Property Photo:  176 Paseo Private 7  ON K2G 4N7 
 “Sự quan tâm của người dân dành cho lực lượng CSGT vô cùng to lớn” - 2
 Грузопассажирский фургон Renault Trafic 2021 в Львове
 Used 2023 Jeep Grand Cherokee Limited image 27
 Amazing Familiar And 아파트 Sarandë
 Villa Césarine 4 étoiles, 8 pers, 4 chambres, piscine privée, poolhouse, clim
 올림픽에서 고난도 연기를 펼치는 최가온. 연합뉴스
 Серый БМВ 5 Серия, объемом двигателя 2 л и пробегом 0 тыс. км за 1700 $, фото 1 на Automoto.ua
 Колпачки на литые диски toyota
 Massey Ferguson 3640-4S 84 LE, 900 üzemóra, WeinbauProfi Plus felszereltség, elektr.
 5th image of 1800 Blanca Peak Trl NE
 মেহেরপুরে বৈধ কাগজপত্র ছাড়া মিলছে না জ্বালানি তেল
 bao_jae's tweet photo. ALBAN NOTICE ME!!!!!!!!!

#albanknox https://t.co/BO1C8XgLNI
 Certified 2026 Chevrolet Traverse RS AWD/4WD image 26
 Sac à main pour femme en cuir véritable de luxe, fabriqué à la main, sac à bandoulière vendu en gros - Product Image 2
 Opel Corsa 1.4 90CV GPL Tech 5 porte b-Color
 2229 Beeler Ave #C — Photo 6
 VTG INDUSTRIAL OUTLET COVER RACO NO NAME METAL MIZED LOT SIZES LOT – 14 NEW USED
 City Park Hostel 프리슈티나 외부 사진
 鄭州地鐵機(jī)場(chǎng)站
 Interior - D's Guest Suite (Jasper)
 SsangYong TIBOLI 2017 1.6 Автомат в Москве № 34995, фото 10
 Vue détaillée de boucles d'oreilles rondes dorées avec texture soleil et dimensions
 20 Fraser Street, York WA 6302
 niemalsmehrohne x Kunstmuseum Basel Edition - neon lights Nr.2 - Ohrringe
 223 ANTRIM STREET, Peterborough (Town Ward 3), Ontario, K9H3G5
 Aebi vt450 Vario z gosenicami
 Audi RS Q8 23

--------------------------------

→ DESCRIPTION OF THE TASK
Give every line of the material that includes the string "фото".

→ SOLUTION TO THIS EXERCISE
 Серый БМВ 5 Серия, объемом двигателя 2 л и пробегом 0 тыс. км за 1700 $, фото 1 на Automoto.ua
 SsangYong TIBOLI 2017 1.6 Автомат в Москве № 34995, фото 10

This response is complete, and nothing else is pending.